Если раньше статус знания определялся метанарративами, то в эпоху постмодерна появляются такие новые формы его легитимации, как операционализация, прагматизация, технологизация. Доверие к метанарративам исчезает в результате развития самих наук. С одной стороны, формируется плюрализм, возникают аргументации, связанные с распространением парадоксов и паралогизмов, с другой – происходит технизация доказательства, сводящего «истину» к «результативности».

Операционализация знания связана с распространением новых информационных технологий, которые диктуют необходимость придания знанию «машинного» характера, переведения знания на язык «информации», которую можно распространять посредством машин. Лиотар отмечает, что технологичное, операциональное знание не связано с развитием разума и формированием личности, на что ориентировалось классическое образование. Могущество государств, как и других субъектов политической, экономической, социальной деятельности, зависит от того, насколько эффективно используется ими операциональное, технологичное знание. Знание, которое не «технологизируется», не способно приносить «пользу» (например, философское, культурологическое, историческое, этическое, эстетическое и т.п.), – становится неактуальным, невостребованным обществом, или, по крайней мере, большинством. Гуманитарные знания, литература, философия, искусство воспринимаются как нечто «лишнее».

Изменение статуса знания оказывает мощное влияние на систему образования, задает направление научных исследований, воздействует на рынок труда, формируя спрос на специалистов, владеющих соответствующими запросам эпохи навыками. Образование, прежде всего высшее, становится платной рыночной услугой, приобретаемой в массовых масштабах. Технологии диктуют необходимость придания знанию некоего «технологичного», «машинного» характера, переведения знания на язык «информации», которую можно распространять посредством машин. Использование критериев эффективности и товарности ведет к иному пониманию истины – она определяется через понятие полезности.

Согласно Лиотару, в эпоху постмодерна знание стало главной производительной силой.

«В форме информационного товара, необходимого для усиления производительной мощи, знание уже является и будет важнейшей, а может быть, самой значительной ставкой в мировом соперничестве за власть. Так же, как национальные государства боролись за освоение территорий, а затем за распоряжение и эксплуатацию сырьевых ресурсов и дешевой рабочей силы, надо полагать, они будут бороться за освоение информации. Здесь открывается, таким образом, новое поле для индустриальных и коммерческих стратегий, а также для стратегий военных и политических»70.

Идея, что знания принадлежат государству, постепенно отживает, поскольку общество существует и развивается только тогда, когда сообщения, циркулирующие в нем, насыщены информацией и легко декодируются. Государство начинает проявлять себя как фактор непроницаемости и «шума» для идеологии коммуникационной «прозрачности». В этих условиях проблема отношений между экономическими и государственными инстанциями проявляется с новой остротой.

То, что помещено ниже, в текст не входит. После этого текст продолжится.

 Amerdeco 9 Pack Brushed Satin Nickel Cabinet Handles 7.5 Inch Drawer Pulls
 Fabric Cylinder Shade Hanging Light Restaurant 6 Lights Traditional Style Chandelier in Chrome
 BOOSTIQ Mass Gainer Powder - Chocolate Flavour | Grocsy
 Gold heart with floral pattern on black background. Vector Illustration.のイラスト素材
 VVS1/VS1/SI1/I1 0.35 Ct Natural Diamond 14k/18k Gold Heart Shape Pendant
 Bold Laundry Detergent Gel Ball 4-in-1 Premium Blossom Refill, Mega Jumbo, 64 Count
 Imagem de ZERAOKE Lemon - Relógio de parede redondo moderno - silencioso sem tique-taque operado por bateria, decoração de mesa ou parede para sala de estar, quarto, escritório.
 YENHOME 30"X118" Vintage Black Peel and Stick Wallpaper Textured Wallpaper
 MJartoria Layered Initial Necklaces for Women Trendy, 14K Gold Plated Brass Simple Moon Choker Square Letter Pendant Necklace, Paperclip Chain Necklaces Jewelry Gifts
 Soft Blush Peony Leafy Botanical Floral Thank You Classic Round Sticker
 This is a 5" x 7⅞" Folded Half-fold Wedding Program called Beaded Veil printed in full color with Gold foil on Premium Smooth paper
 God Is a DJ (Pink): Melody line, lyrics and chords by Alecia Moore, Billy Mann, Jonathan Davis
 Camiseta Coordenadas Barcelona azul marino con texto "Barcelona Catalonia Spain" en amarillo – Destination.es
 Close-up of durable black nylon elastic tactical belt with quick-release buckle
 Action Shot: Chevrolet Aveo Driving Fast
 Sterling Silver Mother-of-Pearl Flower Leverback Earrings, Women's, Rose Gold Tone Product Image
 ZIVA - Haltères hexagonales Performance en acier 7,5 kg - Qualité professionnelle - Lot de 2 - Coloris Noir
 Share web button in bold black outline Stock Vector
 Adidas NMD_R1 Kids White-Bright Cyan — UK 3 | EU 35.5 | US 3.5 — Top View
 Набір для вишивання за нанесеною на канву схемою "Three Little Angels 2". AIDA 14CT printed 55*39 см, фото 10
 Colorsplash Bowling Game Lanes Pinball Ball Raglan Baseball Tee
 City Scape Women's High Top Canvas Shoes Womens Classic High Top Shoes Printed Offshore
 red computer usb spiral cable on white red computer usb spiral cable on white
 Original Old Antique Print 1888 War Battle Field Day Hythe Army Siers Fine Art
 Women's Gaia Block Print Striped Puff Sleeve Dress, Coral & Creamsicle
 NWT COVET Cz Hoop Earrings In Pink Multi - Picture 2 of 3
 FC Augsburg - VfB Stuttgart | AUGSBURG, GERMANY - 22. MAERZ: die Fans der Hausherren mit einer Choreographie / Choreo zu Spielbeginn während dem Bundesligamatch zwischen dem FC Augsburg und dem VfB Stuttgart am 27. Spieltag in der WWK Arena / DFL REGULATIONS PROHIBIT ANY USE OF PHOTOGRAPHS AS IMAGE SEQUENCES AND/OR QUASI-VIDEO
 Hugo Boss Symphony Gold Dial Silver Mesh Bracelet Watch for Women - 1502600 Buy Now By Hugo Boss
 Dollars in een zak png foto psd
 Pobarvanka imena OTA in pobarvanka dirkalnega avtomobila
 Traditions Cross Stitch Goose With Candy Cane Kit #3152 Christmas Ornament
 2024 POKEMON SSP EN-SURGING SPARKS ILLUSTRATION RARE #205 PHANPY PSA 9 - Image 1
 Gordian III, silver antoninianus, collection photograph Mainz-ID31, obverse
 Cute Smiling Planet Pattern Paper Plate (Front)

Исследуя современный статус знания, Лиотар указывает на связь знания и власти: проблема знания в век информатики более чем когда бы то ни было является проблемой правления. Знание, обладая легитимностью, задает определенные рамки поведения в культуре, регламентируя их. Оно выступает в качестве инструмента, который наделяет его носителей способностью формулировать «правильные» предписывающие и «правильные» оценочные высказывания. Это и сближает знание с обычаем. Роль консенсуса состоит в том, чтобы отделить тех, кто владеет нормативным знанием, от тех, кто не владеет им.